Je crois avoir lu dans les pages de forum qu'Hermann préférait Comanche, mais je m'en fiche.
Il est certain que le diptyque de Laramie est étonnant... la mort de Dobbs, le combat de Red Dust ...
mais la petite môme Comanche est plus qu'agaçante, et jamais - non, jamais - le vieux Ten-Gallons n'aura la classe émérite de Barnaby “Barney” Jordan !
(mais j'avoue honnêtement : Red Dust, lui, peut prétendre arriver à la cheville de Bernard Louis Joseph Fulgence Prince ! - mais de toute façon, la coiffe blanche de Bernard est davantage exceptionnelle que le cheveux rouge de Dust, rien n'y fait.)

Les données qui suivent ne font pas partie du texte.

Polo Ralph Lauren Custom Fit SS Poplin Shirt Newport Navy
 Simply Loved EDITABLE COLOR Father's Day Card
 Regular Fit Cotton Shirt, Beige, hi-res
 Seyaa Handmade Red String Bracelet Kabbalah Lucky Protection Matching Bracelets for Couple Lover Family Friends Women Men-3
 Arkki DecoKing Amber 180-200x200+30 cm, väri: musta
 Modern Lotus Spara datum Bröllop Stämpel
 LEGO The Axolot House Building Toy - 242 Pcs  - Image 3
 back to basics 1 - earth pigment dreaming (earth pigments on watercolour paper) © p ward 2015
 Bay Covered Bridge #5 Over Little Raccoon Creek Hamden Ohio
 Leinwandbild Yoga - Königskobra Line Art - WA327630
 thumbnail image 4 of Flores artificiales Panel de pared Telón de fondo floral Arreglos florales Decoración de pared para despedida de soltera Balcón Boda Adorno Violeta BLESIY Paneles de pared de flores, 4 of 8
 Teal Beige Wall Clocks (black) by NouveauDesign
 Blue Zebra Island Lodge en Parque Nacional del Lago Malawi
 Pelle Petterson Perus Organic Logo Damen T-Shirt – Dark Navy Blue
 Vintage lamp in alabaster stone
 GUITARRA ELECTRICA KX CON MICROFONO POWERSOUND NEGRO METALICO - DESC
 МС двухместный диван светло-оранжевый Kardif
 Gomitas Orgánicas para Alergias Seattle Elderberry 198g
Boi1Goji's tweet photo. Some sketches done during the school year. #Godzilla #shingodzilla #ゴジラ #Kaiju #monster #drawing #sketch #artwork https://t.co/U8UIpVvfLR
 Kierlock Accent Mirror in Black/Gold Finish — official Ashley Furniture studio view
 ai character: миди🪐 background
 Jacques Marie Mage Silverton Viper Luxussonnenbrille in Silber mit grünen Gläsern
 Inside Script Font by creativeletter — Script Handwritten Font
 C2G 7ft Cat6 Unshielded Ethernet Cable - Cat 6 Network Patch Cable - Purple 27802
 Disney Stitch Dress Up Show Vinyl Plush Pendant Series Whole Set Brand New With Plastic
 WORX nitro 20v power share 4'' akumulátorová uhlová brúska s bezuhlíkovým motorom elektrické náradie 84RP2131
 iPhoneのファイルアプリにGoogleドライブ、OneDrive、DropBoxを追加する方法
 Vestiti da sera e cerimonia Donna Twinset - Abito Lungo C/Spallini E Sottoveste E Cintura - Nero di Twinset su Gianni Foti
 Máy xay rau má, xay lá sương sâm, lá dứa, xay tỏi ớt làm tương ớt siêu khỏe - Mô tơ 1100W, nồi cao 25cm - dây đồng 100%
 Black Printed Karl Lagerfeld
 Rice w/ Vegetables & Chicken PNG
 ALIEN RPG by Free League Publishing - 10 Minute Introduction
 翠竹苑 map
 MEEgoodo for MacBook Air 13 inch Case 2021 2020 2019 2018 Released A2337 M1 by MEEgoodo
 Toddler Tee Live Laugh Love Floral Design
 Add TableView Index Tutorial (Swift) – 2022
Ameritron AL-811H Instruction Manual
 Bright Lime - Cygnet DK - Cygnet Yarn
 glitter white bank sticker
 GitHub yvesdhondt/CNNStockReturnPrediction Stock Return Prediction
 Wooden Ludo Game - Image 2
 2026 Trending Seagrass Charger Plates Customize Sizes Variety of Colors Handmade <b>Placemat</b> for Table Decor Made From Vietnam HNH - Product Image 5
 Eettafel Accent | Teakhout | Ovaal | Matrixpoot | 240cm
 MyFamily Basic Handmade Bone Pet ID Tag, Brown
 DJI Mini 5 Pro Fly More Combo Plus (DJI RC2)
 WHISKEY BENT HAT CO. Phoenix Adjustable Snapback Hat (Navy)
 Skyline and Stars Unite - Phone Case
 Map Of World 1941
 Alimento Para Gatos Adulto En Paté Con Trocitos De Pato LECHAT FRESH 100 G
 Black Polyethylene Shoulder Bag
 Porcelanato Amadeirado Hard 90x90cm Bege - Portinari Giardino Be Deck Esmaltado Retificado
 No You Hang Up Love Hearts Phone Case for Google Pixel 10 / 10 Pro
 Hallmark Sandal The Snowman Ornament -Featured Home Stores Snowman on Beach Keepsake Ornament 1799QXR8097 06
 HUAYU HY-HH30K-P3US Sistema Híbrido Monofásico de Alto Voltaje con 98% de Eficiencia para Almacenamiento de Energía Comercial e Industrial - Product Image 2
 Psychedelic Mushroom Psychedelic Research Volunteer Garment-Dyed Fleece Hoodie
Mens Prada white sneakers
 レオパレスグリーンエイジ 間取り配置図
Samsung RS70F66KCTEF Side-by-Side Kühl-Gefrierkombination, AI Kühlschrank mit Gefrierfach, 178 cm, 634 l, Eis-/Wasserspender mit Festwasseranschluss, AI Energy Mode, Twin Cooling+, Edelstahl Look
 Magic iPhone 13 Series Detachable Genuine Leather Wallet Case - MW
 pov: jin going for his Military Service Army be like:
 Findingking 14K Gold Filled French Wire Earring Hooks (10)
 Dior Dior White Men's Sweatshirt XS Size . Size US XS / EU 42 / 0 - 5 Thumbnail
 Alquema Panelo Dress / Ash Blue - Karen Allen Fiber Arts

Certes, il y a des coups d'éclats dans la série Comanche.
L'attaque de la cabane du trappeur dans Les loups du Wyoming ! ... mais le rythme du récit n'est pas parvenu à m'accaparer tout au long de l'album, au contraire de plusieurs épisodes du trio du Cormoran ... J'ai été pris alors, littéralement, page après page, du début jusqu'à la fin, par La fournaise des damnés, Le souffle de Moloch ou Le port des fous, ... tous menés de main de maître !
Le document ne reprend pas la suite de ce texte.